ABOUT THIS TASK =
Transcribe the records below exactly, from their first line through the line containing "Тамақтану сапасына мониторинг жүргізу актісі". Omit every line after it.

▼

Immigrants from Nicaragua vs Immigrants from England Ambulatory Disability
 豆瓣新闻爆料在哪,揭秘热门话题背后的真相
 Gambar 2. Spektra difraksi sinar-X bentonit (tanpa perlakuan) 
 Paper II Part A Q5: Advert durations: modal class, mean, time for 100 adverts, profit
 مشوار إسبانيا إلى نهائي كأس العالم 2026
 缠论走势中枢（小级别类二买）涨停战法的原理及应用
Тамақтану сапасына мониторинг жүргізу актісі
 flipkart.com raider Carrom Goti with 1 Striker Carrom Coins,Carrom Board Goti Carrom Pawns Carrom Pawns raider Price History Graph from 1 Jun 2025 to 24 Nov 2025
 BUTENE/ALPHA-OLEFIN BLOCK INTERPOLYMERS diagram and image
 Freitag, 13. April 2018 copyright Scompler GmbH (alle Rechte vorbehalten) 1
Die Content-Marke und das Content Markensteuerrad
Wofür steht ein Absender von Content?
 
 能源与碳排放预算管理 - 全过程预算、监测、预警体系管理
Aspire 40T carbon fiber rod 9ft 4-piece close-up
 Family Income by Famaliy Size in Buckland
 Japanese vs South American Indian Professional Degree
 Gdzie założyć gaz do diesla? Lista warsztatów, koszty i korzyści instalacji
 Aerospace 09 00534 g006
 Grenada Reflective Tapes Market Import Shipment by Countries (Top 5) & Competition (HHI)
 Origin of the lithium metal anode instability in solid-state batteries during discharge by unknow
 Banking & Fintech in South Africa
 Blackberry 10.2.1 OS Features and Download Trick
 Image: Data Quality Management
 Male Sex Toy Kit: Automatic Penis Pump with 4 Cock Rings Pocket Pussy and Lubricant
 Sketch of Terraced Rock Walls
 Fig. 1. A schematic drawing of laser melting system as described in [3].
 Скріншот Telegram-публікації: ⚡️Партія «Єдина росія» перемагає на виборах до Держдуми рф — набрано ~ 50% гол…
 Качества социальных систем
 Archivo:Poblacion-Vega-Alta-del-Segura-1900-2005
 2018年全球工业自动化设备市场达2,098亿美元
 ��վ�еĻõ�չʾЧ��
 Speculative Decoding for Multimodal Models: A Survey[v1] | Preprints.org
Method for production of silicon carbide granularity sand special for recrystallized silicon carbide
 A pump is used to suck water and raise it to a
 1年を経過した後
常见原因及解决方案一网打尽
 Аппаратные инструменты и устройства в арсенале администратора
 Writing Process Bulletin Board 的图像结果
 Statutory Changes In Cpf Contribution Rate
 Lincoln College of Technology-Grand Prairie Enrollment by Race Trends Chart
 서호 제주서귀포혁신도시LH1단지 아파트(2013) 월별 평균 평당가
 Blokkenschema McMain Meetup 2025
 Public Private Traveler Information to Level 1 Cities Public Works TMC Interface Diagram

▲

EXPECTED ANSWER =
Immigrants from Nicaragua vs Immigrants from England Ambulatory Disability
 豆瓣新闻爆料在哪,揭秘热门话题背后的真相
 Gambar 2. Spektra difraksi sinar-X bentonit (tanpa perlakuan) 
 Paper II Part A Q5: Advert durations: modal class, mean, time for 100 adverts, profit
 مشوار إسبانيا إلى نهائي كأس العالم 2026
 缠论走势中枢（小级别类二买）涨停战法的原理及应用
Тамақтану сапасына мониторинг жүргізу актісі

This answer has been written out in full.